Is soft updates approach used only with mini-batch / stochastic GD?

Soft updates approach allows us to update our NN parameters more “conservatively”.

  1. Am I right that this concept makes no sense with batch gradient descent, where all training set is used at the each GD step? Because in this case our new parameters are definitely better than the previous ones (at least according to all the data we have)?
  2. If answer to p.1 is “yes”, then am I right that we can use it also for supervised learning?

Hello @m.kemarskyi.ip82,

Let me ask a clarify question: are you asking about using soft-update with batch gradient descent in a Reinforcement Learning Neural Network? My focus is whether it is a Reinforcement Learning Neural Network.


@rmwkwok Yes. But I guess there should be no difference between supervised & reinforcement. Am I wrong?

Hello @m.kemarskyi.ip82,

The clarification is helpful. Thanks. We can organize your questions in this table

mini-batch GD batch GD
RL soft update A B
SL soft update C D

First, some background

This lecture video compares the batch and the mini-batch GD. Basically, we can learn faster with mini-batch GD but we will also suffer from more “oscillations” due to the variations among the mini-batches.

Second, comparing A with B:

  • For A, it is what the week 3 assignment 3 is all about.
  • For B, it is actually possible for you to adjust the BATCH_SIZE in the assignment to see the difference yourself. You only need to open the “” and then change the MINIBATCH_SIZE value from 64 to a larger number. But, I only recommend you to do it after you have passed the assignment, so that the experimentation won’t mess up with your grade.

You don’t have to do it, but if you do the experiments and share your findings with us about the difference between A and B, then we can further discuss.

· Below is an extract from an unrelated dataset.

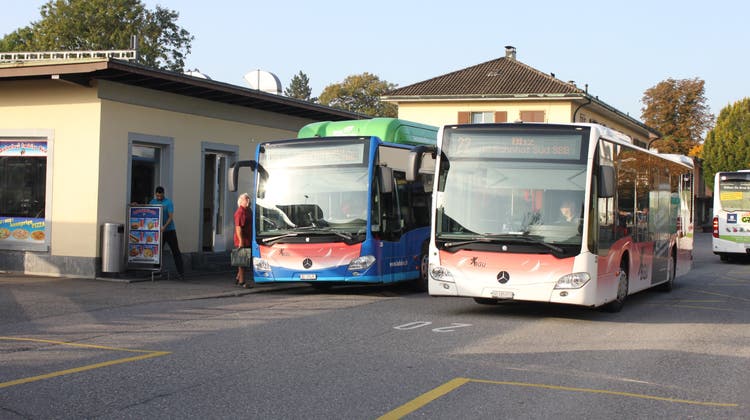 BGU Busse am Bahnhof Süd in Grenchen (Bild: Andreas Toggweiler)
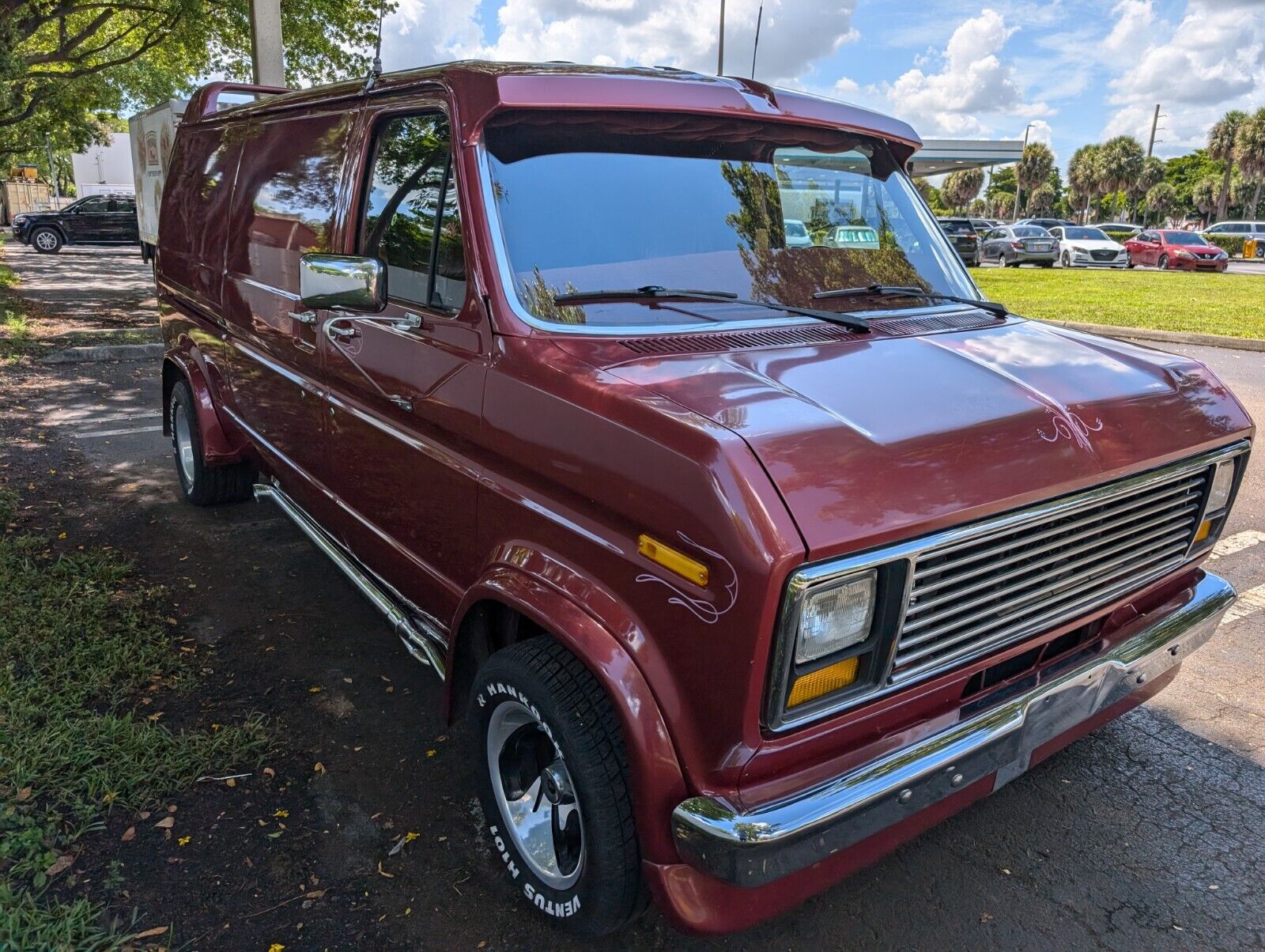 Ford-E-Series-Van-1986-9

Third, comparing C with D:

There is no lab that uses soft update in a SL neural network. However, by intuition, we know what the soft update does which, from one perspective, is to slow down the update by dragging back from the new learnt states towards the old states. As we know, mini-batch learns faster, so the dragging effect should be more. If I compare the learning speeds of the following four:

mini-batch GD batch GD
SL soft update C D
no SL soft update E F

I would guess E > C > D > F. If we want to learn fast, then obviously we go for E. However, if we want less draw-back (the oscillation thing), then we can choose between C, D and F.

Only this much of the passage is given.